Peru's banking sector has grown even faster than the country’s economy, at about 2.5 times the growth of its GDP over the past decade, and it is expected that banks will expand their business between 15% and 18% in 2012, having displayed an average yearly growth of 20% for the past 10 years, say bankers.

In 2011, the country’s top five banks all strengthened and developed their businesses. Average Tier 1 capital improved among the largest five banks by more than 20%, led by Interbank’s 33.79% expansion. Their assets grew on average by more than 11%, with BBVA Banco Continental experiencing the highest rise of 16.5%. Among the big five, profits grew by an average of nearly 18%, with BCP showing an impressive growth of 28.67%.

But with such growth comes structural challenges, ranging from finding funding sources to coping with the lack of a sufficiently wide banking network. “This growth poses a lot of challenges to the financial system,” says Mr Bayly. “One is infrastructure. By any measure that one can think of, the level of infrastructure that we will have to build to deal with this growth is tremendous – not only branches, but also ATMs, internet banking, mobile banking and so on.” He adds that BCP is investing $100m a year to fill this gap.

The fragmented nature of Peru's local banking system means that different institutions are leaders in different markets – aside from BCP, Interbank and Falabella are strong competitors in the credit card business; microfinance specialist Mibanco leads in that sector; while international names such as Morgan Stanley, JPMorgan and Citi dominate the investment banking space. But the larger pool of potential retail customers means that even traditionally wholesale institutions are looking to create or strengthen their presence in the retail sector, according to Citi’s Mr Blanco, thus increasing competition in that space.

Staffing has also become an increasingly problematic aspect as banks need a larger and more skilled workforce to expand their business. This is a challenge for a country which lags behind other Latin American countries when it comes to standards of education. According to the 2009 PISA study, which measures students’ performance in certain areas, Peru lagged many of its regional peers, scoring nearly 25% lower than Uruguay in mathematics, and almost 30% lower than Chile on reading ability.

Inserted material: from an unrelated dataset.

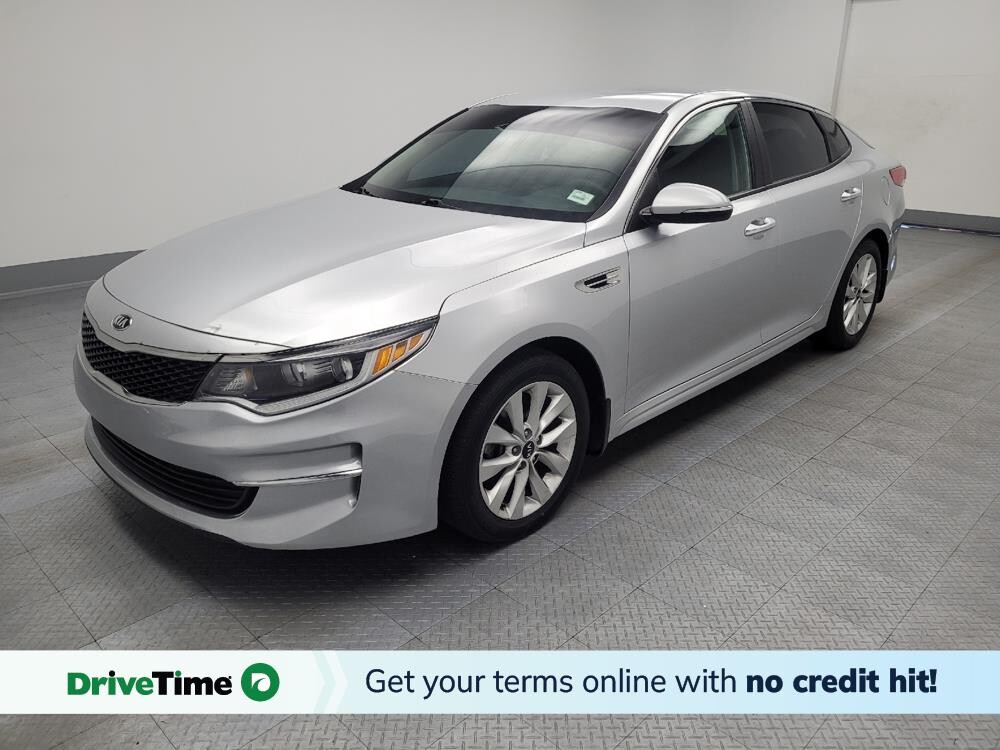 2018 Kia Optima in Memphis, TN 38128 - 18063695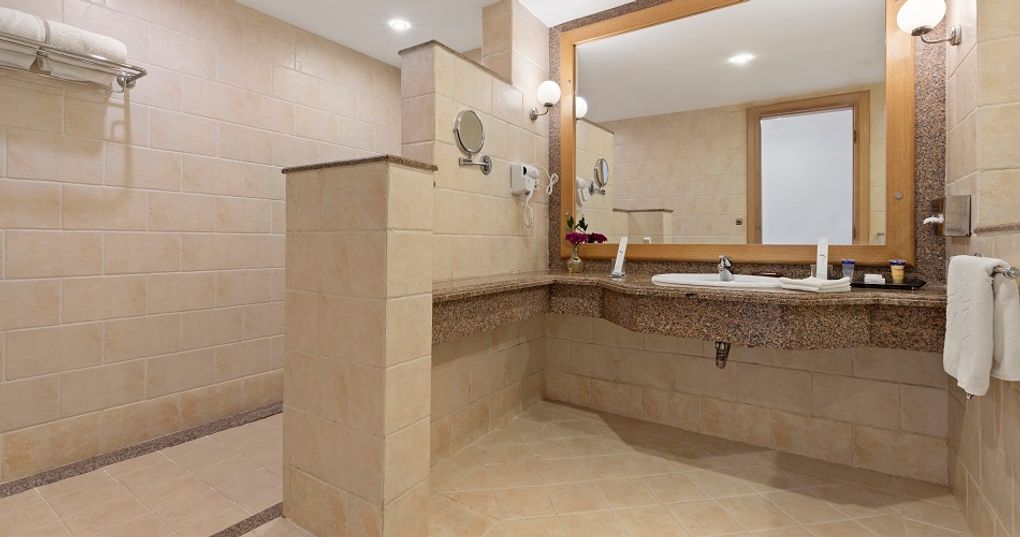 Pokój Superior - widok na morze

The labour pool of highly skilled workers is limited and the larger the financial institution, the bigger the recruitment headache. “Because of growth and the normal rotation of certain positions, at BCP we have to hire between 5000 and 6000 people every year, and the ratio of people you have to interview is normally seven to one,” says Mr Bayly. “So we interview 35,000 people every year, and we are starting to see a shortage of qualified people [suitable for] the banking sector.”

Peru displays the typical opportunities and challenges of a fast-growing market. What differentiates the country is that its economic growth has been sustained over a number of years, its macroeconomic indicators are promising and there is a clear plan, both in the public and private sectors, to support the funding needs of its equally fast-growing businesses.